The mayor's PR "Hail Mary" | Blogh

Wednesday, January 14, 2009

The mayor's PR "Hail Mary"

Posted By on Wed, Jan 14, 2009 at 11:48 AM

Just when you thought Pittsburgh's sports fans couldn't get any more devoted -- and that its politicians couldn't get any more shameless -- we just received a mayoral press release with the following header:

Yes, that's right -- according to the release, "Mayor Luke Ravenstahl announced today that he will be ceremonially changing his last name from RAVENStahl to 'STEELERStahl'" until the AFC Championship game this weekend.

The STEELERS, you see, are playing the RAVENS this Sunday. And the mayor is concerned that people may be confused about where he stands. (Though, actually, if you look closely at that banner, you can see there's a trademark after the Steerlers logo. So unless the team is waiving its copyright, presumably the mayor's correct name is "STEELERSTMTAHL.")

So this morning, Ravenstahl went to the county's court-records office and adopted his new name. Immediately after that, he went up to the Elections department, where he ceremonially deposited a $50,000 check -- mysteriously drawn from an account in his newly adopted name -- into his political campaign.

OK, I made the last part of that up. 

In any case, the mayor said: "From now until Sunday, all references to my name will reflect Pittsburgh's love and support for our Steelers."

Well, maybe not all references, Mayor Ravenstahl. As the release points out, "stahl" already means steel in German --  a fact the mayor attributes to "a strange coincidence." (But is it really?) Which means his name would be the awkwadly redundant "Steelersteel."

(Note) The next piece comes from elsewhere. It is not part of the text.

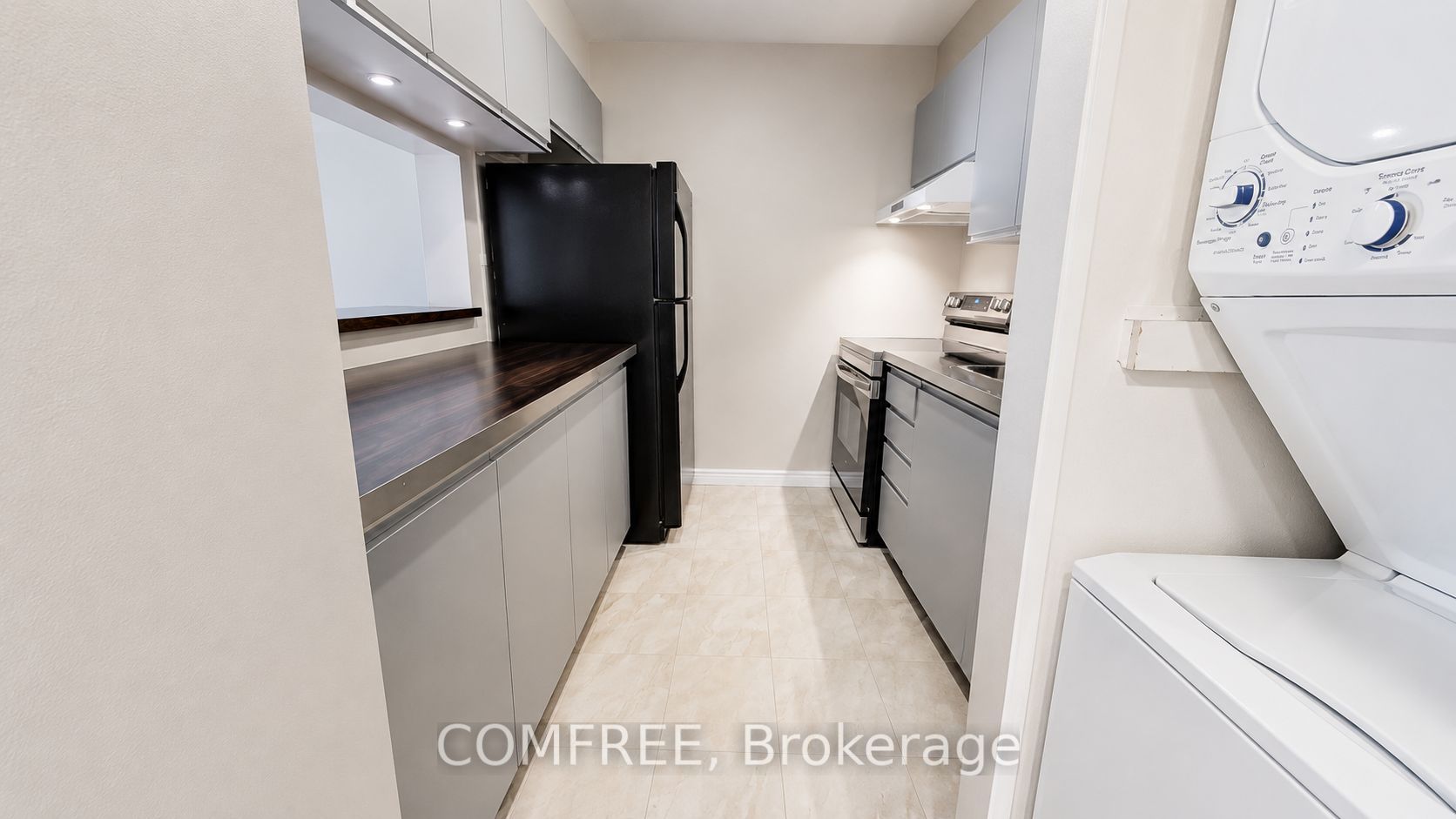 270 Brittany Drive 214, Manor Park - Cardinal Glen and Area, ON K1K 4M3 photo 4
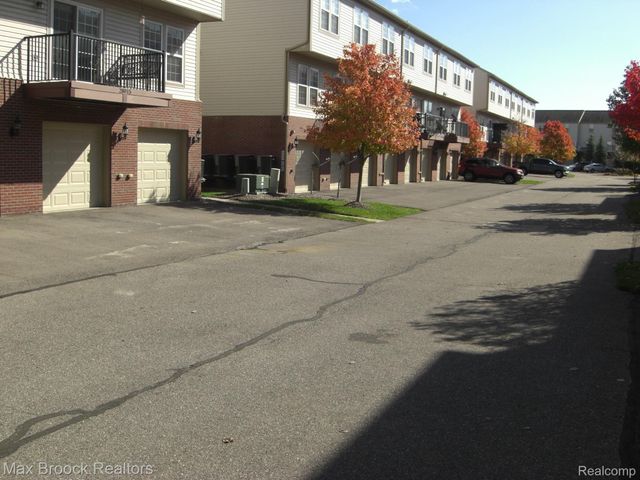 28017 HOPKINS Drive 98, Novi, MI 48377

But who am I to judge? The press release enlists a German professor at Pitt to assert that the mayor's new "name change [is] even more appropriate" because of its German root. 

The professor's name, incidentally, is John Lyon. Must be a closet Detroit fan. (Is there any other kind?) 

I started wearying of this whole Steelers-in-politics thing earlier this week, when -- during a press conference about campaign-finance reform -- a reporter asked Ravenstahl if he'd been able to collect on his earlier "bet" with the mayor of San Diego. But it's too much to hope that any Pittsburgh politician, Ravenstahl least of all, would pass up a PR "gimme" like this one.

So, if the Steelers go on to the Super Bowl, I'm expecting Yarone Zober to change his first name to "Frenchy." And start maybe promenading around in a pair of platform shoes with live goldfish inside.